■ **TASK PROMPT**: Each record below needs to be written out exactly as it appears.
═══ RECORDS PROVIDED
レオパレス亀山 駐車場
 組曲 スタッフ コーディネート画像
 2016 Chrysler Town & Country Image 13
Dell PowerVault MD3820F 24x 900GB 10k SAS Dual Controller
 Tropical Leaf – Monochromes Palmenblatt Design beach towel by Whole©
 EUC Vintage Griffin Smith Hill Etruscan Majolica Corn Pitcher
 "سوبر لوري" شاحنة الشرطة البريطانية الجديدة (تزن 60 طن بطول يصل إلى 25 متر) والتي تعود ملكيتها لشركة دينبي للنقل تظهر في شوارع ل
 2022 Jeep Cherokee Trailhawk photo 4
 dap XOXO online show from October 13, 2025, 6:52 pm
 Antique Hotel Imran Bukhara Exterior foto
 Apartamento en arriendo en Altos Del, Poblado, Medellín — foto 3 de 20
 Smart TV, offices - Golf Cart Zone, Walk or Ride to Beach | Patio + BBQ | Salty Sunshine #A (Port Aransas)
══════
■ **OUTPUT BELOW**:
レオパレス亀山 駐車場
 組曲 スタッフ コーディネート画像
 2016 Chrysler Town & Country Image 13
Dell PowerVault MD3820F 24x 900GB 10k SAS Dual Controller
 Tropical Leaf – Monochromes Palmenblatt Design beach towel by Whole©
 EUC Vintage Griffin Smith Hill Etruscan Majolica Corn Pitcher
 "سوبر لوري" شاحنة الشرطة البريطانية الجديدة (تزن 60 طن بطول يصل إلى 25 متر) والتي تعود ملكيتها لشركة دينبي للنقل تظهر في شوارع ل
 2022 Jeep Cherokee Trailhawk photo 4
 dap XOXO online show from October 13, 2025, 6:52 pm
 Antique Hotel Imran Bukhara Exterior foto
 Apartamento en arriendo en Altos Del, Poblado, Medellín — foto 3 de 20
 Smart TV, offices - Golf Cart Zone, Walk or Ride to Beach | Patio + BBQ | Salty Sunshine #A (Port Aransas)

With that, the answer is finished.